(Data)

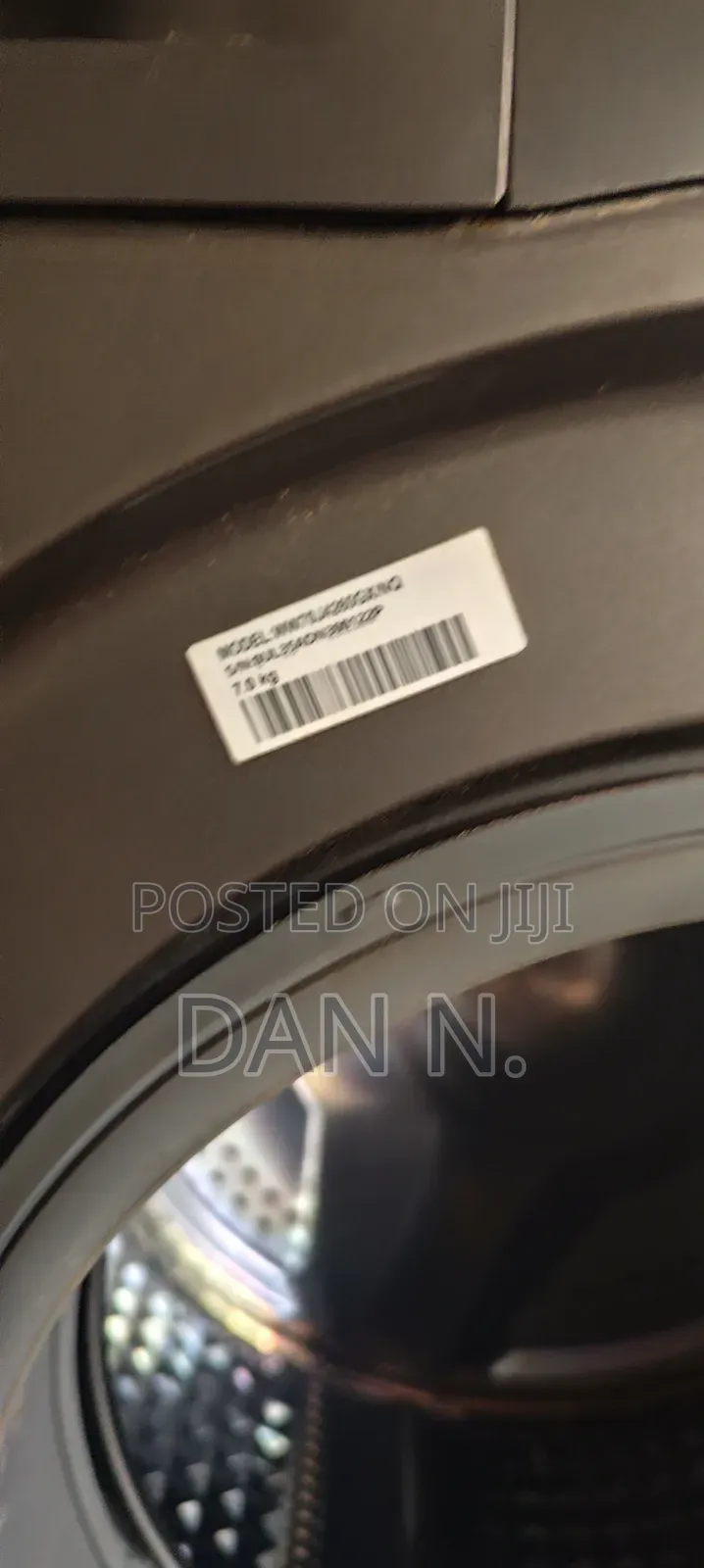 Samsung 7kg Eco Bubble Front Load Washing Machine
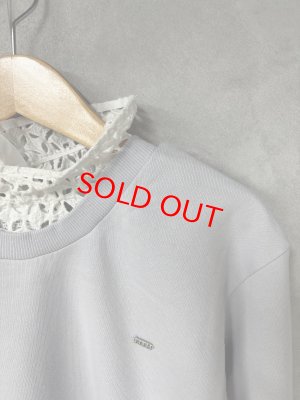 画像2: 30%off 2025秋冬　FITH     Layered Sweatshirt　　3；グレー　　サイズ；155 (2)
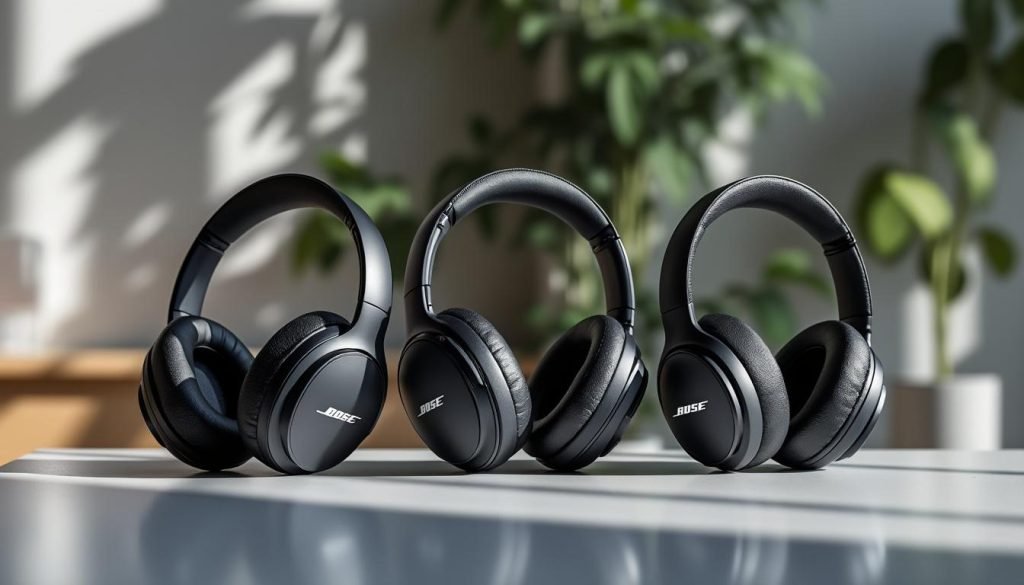 découvrez les casques bose quietcomfort, se et ultra pour une expérience sonore immersive sans bruit. trouvez le modèle parfait qui vous isolera du monde extérieur en toute élégance.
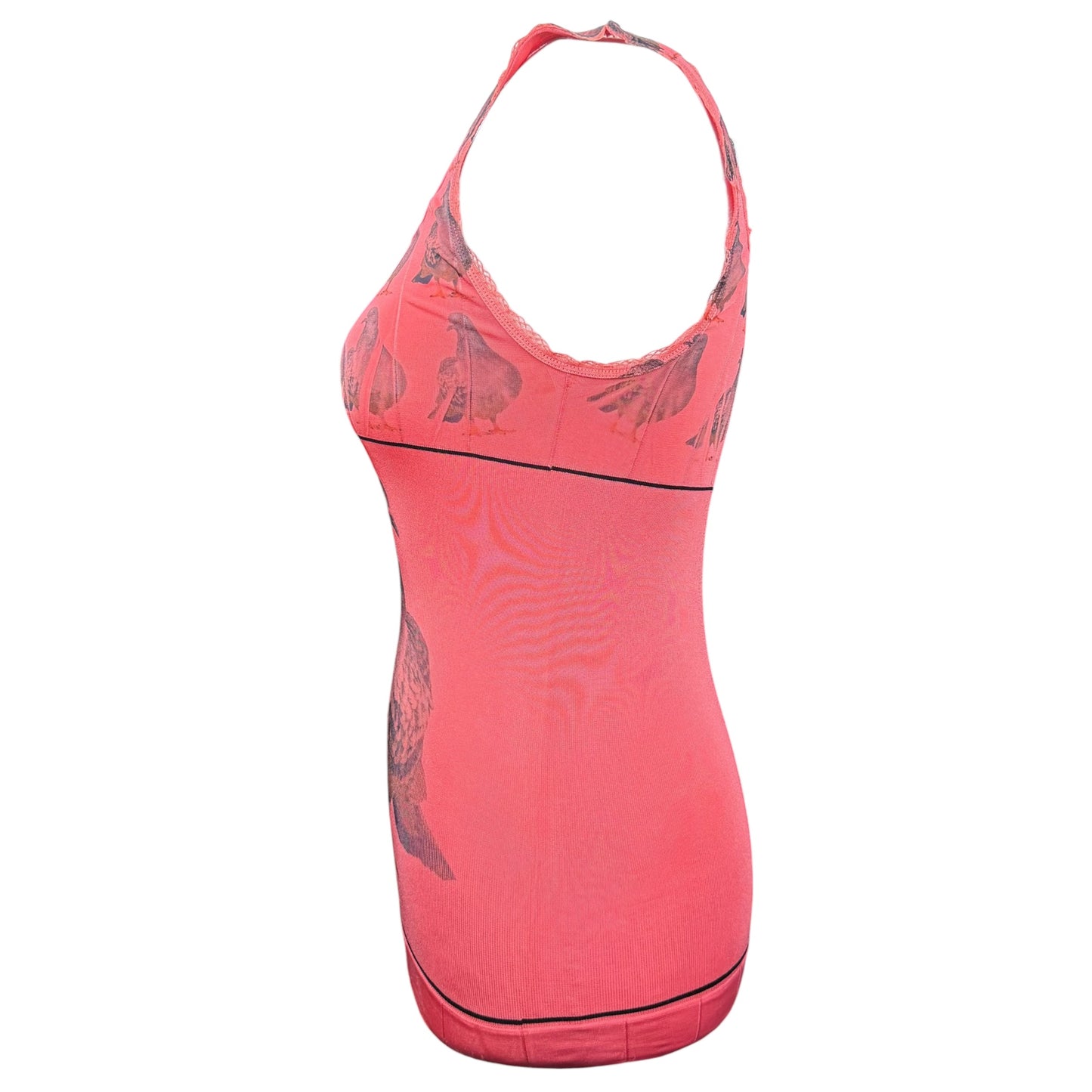 PIGEON ROSE CORAL SAMPLE TANK - S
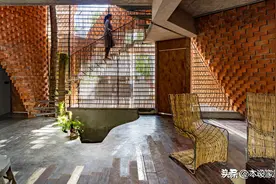 印度有一对兄弟的“穷装”房子火了，处处充满智慧，环保又精致图片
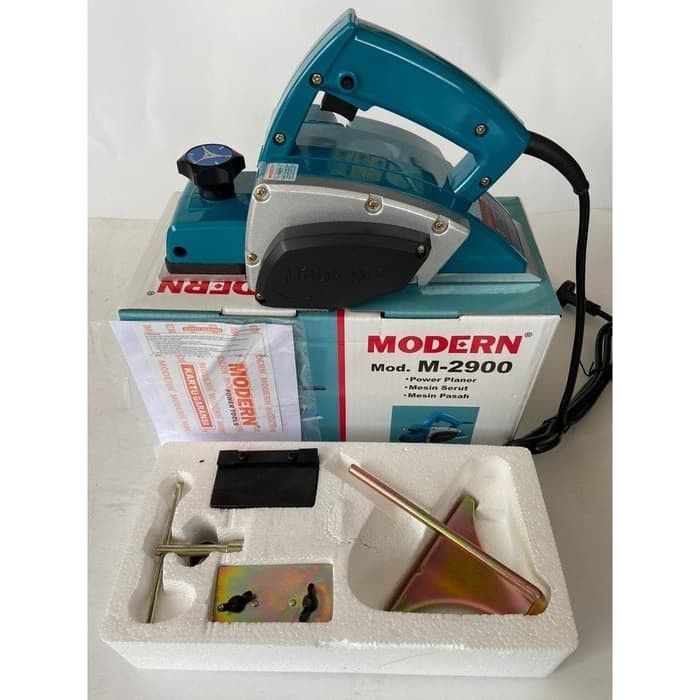 Terbatas Mesin Serut Kayu/Mesin Pasah/Power Planer Modern M-2900 (Original) Free Ongkir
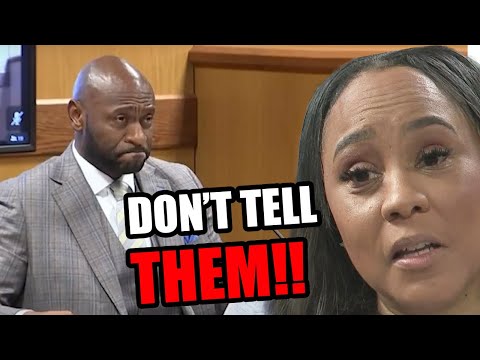 Fani Willis just got some CRUSHING NEWS!! Nathan Wade admits IT ALL!!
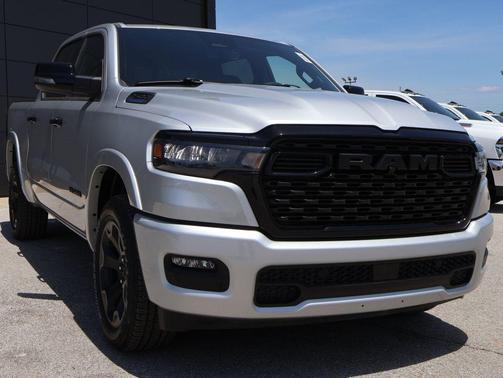 Silver Zynith 2026 RAM 1500 Big Horn/Lone Star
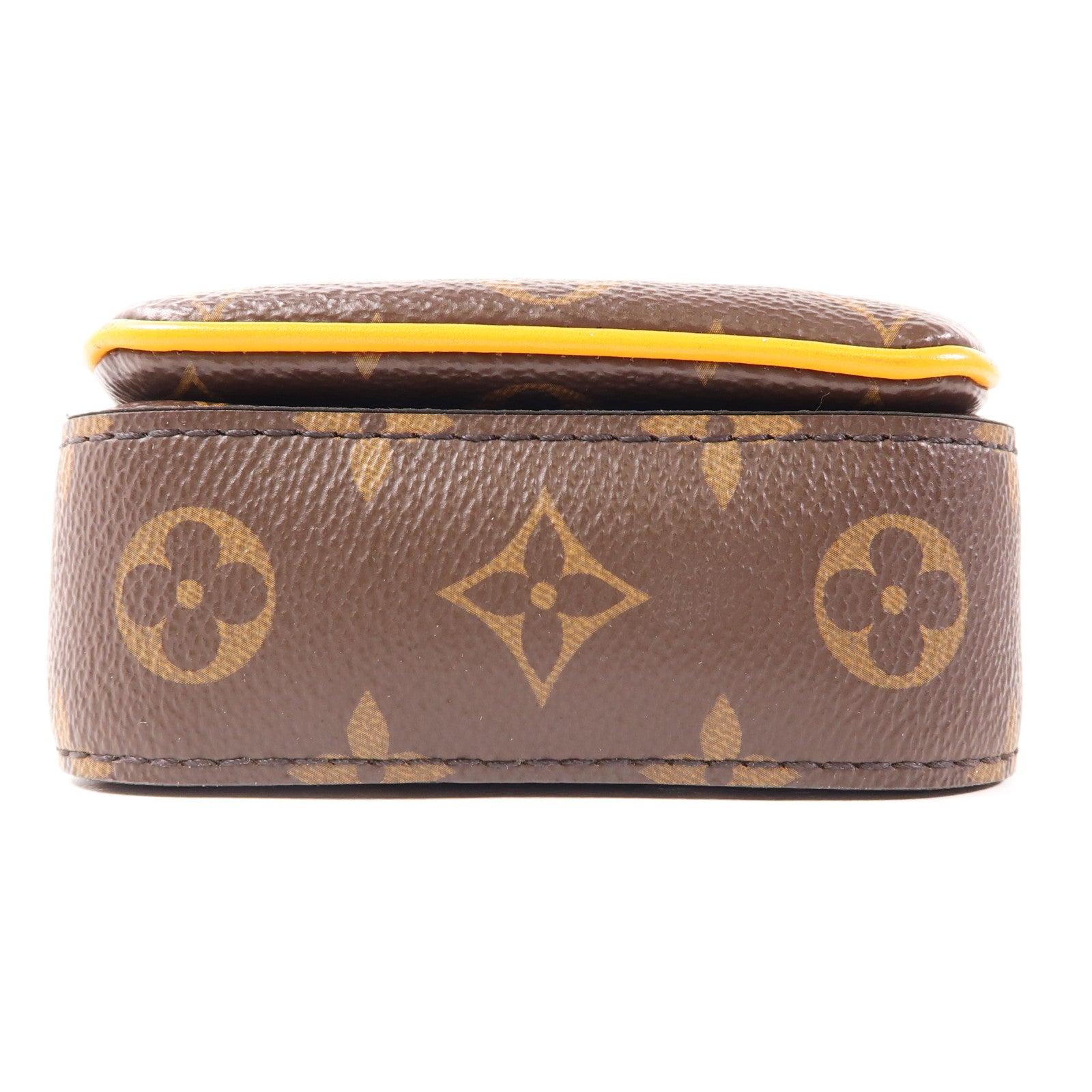 LOUIS VUITTON S-Lock Vertical Wearable Wallet Shoulder Bag M82535 Monogram Brown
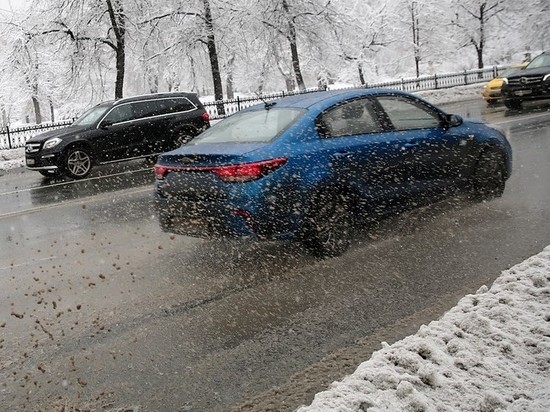 МЧС предупредило московских водителей об ухудшении погоды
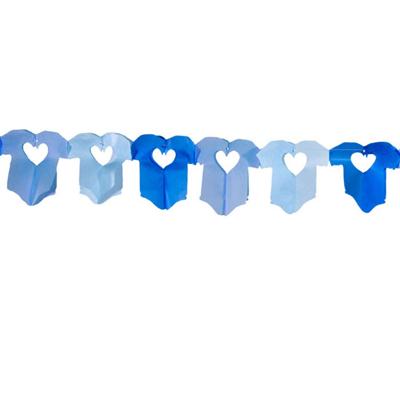 Papieren Geboorteslinger Romper Jongen - 6 meter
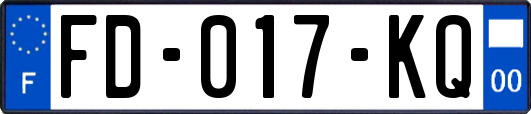 FD-017-KQ
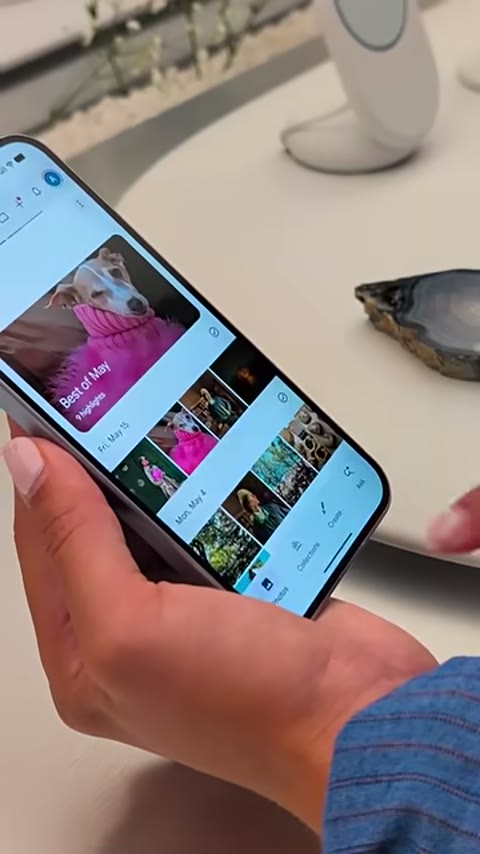 Beat 7: Home screen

(End Data)

In the answer, give only the lines from the one containing "Terbatas Mesin Serut" through the end of the records above, each reproduced exactly. Include no pictures.

 Terbatas Mesin Serut Kayu/Mesin Pasah/Power Planer Modern M-2900 (Original) Free Ongkir
 Fani Willis just got some CRUSHING NEWS!! Nathan Wade admits IT ALL!!
 Silver Zynith 2026 RAM 1500 Big Horn/Lone Star
 LOUIS VUITTON S-Lock Vertical Wearable Wallet Shoulder Bag M82535 Monogram Brown
 МЧС предупредило московских водителей об ухудшении погоды
 Papieren Geboorteslinger Romper Jongen - 6 meter
 FD-017-KQ
 Beat 7: Home screen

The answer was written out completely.